[Short text fragments from websites]
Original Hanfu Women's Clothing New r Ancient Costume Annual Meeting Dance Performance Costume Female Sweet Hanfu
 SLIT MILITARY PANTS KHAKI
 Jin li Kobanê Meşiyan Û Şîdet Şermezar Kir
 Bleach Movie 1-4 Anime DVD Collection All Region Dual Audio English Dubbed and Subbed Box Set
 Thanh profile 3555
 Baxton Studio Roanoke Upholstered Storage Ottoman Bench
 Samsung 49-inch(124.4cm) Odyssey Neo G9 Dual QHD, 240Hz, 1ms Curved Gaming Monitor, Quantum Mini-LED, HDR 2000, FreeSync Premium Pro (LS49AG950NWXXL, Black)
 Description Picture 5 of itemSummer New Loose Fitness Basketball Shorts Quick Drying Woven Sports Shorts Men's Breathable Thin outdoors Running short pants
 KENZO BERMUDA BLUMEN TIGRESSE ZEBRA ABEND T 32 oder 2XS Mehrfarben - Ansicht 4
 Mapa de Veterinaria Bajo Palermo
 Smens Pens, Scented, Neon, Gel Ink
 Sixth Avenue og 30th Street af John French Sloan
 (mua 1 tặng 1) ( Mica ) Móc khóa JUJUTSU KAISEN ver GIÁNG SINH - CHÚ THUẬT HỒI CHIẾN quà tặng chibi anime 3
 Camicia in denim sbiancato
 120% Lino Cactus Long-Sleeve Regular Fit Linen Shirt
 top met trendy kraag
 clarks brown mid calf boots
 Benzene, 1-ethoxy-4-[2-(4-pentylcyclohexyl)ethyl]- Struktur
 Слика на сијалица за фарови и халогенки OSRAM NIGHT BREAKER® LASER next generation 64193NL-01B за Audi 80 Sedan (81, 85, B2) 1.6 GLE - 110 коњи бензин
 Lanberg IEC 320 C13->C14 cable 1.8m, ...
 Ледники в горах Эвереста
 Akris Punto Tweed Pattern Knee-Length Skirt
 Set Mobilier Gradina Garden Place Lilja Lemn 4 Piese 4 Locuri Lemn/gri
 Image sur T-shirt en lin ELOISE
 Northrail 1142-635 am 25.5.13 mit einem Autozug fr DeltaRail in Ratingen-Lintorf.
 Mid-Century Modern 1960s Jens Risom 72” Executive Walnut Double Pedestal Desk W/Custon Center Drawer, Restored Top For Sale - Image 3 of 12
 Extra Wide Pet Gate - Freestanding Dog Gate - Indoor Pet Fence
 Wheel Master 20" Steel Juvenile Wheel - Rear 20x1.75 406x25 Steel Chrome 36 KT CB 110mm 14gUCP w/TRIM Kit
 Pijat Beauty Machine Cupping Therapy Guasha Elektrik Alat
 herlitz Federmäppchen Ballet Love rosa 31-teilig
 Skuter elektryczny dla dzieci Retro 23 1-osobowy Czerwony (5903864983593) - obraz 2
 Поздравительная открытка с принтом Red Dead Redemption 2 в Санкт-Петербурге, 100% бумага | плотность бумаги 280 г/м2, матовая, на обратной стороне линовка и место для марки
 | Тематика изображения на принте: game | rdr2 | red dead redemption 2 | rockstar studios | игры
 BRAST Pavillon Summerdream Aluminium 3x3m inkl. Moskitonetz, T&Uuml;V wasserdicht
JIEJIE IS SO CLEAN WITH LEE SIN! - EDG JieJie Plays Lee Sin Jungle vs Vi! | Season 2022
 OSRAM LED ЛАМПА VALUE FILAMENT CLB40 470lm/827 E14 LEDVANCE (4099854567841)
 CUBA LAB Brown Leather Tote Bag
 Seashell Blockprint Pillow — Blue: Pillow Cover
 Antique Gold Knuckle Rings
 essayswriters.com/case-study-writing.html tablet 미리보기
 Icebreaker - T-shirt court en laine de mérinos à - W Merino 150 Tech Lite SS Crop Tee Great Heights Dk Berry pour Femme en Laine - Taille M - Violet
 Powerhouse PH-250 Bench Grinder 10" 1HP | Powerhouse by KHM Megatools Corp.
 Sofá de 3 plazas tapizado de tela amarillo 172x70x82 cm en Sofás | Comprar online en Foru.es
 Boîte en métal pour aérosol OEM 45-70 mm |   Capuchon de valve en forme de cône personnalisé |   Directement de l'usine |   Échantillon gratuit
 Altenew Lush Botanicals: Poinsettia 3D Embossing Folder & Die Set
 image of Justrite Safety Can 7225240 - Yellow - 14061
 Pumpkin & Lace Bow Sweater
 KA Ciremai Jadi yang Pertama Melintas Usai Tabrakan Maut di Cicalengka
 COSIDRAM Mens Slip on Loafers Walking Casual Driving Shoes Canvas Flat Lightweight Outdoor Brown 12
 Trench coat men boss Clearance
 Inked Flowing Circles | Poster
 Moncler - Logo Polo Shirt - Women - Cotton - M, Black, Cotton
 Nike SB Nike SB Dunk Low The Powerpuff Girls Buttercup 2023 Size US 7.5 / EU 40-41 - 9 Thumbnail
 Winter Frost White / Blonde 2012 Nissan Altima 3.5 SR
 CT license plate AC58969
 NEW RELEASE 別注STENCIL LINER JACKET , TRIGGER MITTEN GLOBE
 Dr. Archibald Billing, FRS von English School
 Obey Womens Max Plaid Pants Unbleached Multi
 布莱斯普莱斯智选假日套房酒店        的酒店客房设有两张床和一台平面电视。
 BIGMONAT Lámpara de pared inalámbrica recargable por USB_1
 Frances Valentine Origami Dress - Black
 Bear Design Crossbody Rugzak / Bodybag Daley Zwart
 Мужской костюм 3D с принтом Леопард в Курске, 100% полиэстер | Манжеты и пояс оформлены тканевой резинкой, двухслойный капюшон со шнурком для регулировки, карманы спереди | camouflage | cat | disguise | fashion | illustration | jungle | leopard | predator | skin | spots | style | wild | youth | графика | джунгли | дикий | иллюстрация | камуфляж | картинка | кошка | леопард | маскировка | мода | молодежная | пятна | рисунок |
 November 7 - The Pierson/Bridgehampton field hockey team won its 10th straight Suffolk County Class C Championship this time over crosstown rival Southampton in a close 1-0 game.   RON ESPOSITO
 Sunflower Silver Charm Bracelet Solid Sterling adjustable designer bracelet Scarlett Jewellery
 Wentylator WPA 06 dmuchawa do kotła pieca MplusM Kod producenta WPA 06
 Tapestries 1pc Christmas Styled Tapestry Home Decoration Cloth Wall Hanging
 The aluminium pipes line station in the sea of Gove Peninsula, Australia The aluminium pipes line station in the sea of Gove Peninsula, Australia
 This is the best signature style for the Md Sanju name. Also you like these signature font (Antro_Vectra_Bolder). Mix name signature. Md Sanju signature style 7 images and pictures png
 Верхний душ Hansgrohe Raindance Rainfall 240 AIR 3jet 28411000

■ **REQUIRED WORK**
Above are the records. Print exactly, and only, the lines from the line with "Inked Flowing Circles | Poster" to the line with "This is the", both inclusive.

■ **YOUR SOLUTION**
 Inked Flowing Circles | Poster
 Moncler - Logo Polo Shirt - Women - Cotton - M, Black, Cotton
 Nike SB Nike SB Dunk Low The Powerpuff Girls Buttercup 2023 Size US 7.5 / EU 40-41 - 9 Thumbnail
 Winter Frost White / Blonde 2012 Nissan Altima 3.5 SR
 CT license plate AC58969
 NEW RELEASE 別注STENCIL LINER JACKET , TRIGGER MITTEN GLOBE
 Dr. Archibald Billing, FRS von English School
 Obey Womens Max Plaid Pants Unbleached Multi
 布莱斯普莱斯智选假日套房酒店        的酒店客房设有两张床和一台平面电视。
 BIGMONAT Lámpara de pared inalámbrica recargable por USB_1
 Frances Valentine Origami Dress - Black
 Bear Design Crossbody Rugzak / Bodybag Daley Zwart
 Мужской костюм 3D с принтом Леопард в Курске, 100% полиэстер | Манжеты и пояс оформлены тканевой резинкой, двухслойный капюшон со шнурком для регулировки, карманы спереди | camouflage | cat | disguise | fashion | illustration | jungle | leopard | predator | skin | spots | style | wild | youth | графика | джунгли | дикий | иллюстрация | камуфляж | картинка | кошка | леопард | маскировка | мода | молодежная | пятна | рисунок |
 November 7 - The Pierson/Bridgehampton field hockey team won its 10th straight Suffolk County Class C Championship this time over crosstown rival Southampton in a close 1-0 game.   RON ESPOSITO
 Sunflower Silver Charm Bracelet Solid Sterling adjustable designer bracelet Scarlett Jewellery
 Wentylator WPA 06 dmuchawa do kotła pieca MplusM Kod producenta WPA 06
 Tapestries 1pc Christmas Styled Tapestry Home Decoration Cloth Wall Hanging
 The aluminium pipes line station in the sea of Gove Peninsula, Australia The aluminium pipes line station in the sea of Gove Peninsula, Australia
 This is the best signature style for the Md Sanju name. Also you like these signature font (Antro_Vectra_Bolder). Mix name signature. Md Sanju signature style 7 images and pictures png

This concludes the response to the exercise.